30 setembro 2013

INFRINGENTES



        Seria ideal que toda e qualquer situação ficasse restrita aos seus limites peculiares, imune aos predadores e que o toque pessoal fosse sempre um toque de classe dentro do permissível.
       No entanto, é mais comum do que se espera, a ocorrência de invasões inconvenientes, minando e contaminando o que, supostamente, deveria acontecer em plena harmonia e coerência. Uma extensa lista de contravenções se estende e se alastra por entre as relações de convívio e são cometidas numa pueril displicência sem a medida das prováveis consequências.
       Acessos de infringentes sensações e de corruptas posturas abalam e violam momentos significativos do afeto que deixa, subitamente, de ser especial.
     As transgressões afetivas são, frequentemente, causadas por equivocados pontos de vista no desconhecimento da força da Lei da Gravidade.  Simples dedução que me ocorre, por constatar que muitos se iludem ao pressupor que o centro gravitacional do planeta Terra é seu próprio umbigo e que tudo mais gira ao seu redor como meros satélites na órbita da circunscrição em que vivem.

      Em todos os momentos em que ordenamos ao invés de solicitar, exigimos ao contrário de aceitar, cobramos em detrimento de oferecer, nos tornamos culpados por atitudes infringentes em relação aos nossos afetos.  

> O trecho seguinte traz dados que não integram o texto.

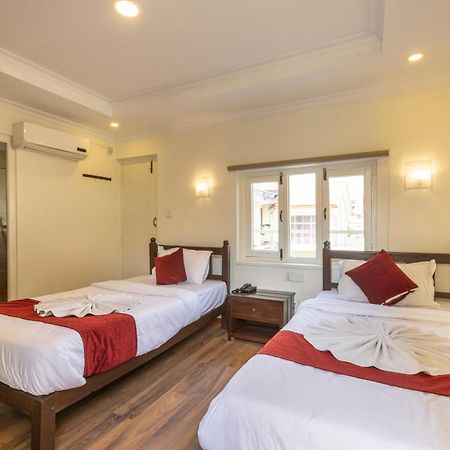 Hotel Highlander, Thamel Kathmandu Ngoại thất bức ảnh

     São infringentes, também, no cotidiano generalizado, o ódio, o ressentimento, a cobiça, a inveja e todos os seus derivados e decorrentes.  Sentimentos que se instalam no mais oculto do nosso íntimo e que, muitas vezes, aparecem e se deixam perceber em rasgos momentâneos e involuntários, desrespeitando o conceito primordial da obediência ao correto, à conduta exigível.

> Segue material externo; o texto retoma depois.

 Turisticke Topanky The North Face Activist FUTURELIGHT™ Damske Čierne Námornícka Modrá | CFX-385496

    Sensações infringentes que, sem muita explicação, vão ocupando compartimentos vazios dentro do peito da gente.  Sensações indesejáveis e, às vezes, inconvenientes.  Infratores clandestinos esgueirando-se pelas nossas veias e correndo misturados ao nosso sangue, que atravessam o nosso surpreso coração como trovões que rasgam os céus em meio a tempestades.

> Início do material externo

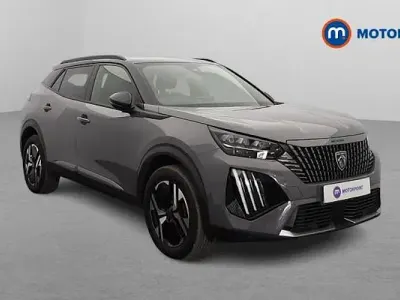 Used Peugeot 2008 GTi 131 HP (96 kW) 2024 Grey SUV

  Se procurarmos denominá-los, catalogá-los, decifrá-los, esbarramos no silêncio hermético das coisas secretas.  É impossível definir sentimentos infringentes que roubam a nossa paz e se acham no direito de viajar pela nossa alma, completamente impunes de todo e qualquer ressarcimento.
    Lastimável saber que os danos causados são, de certo modo, irreparáveis.  Apesar de possuírem nome e número de identificação, os infringentes sentimentos se escondem em meio à multidão dos descompromissados com a legitimidade.
     E lá vamos nós, exaustos por lidar com os transgressores, enfrentar a tarefa inócua de julgar, sentenciar e condená-los, como se fosse possível extirpar os malefícios que nos causam.  Queremos encarcerá-los numa masmorra fora de alcance.
  No terreno do afeto, os gestos infringentes só se extirpam com a solução de continuidade.
    Como disse Mario Quintana: "Nada vibrou/ Não se ouviu nada/ Nada.../ Mas o cristal nunca mais deu o mesmo som/ Cala, amigo/ Cuidado, amiga/ Uma só palavra pode tudo perder para sempre"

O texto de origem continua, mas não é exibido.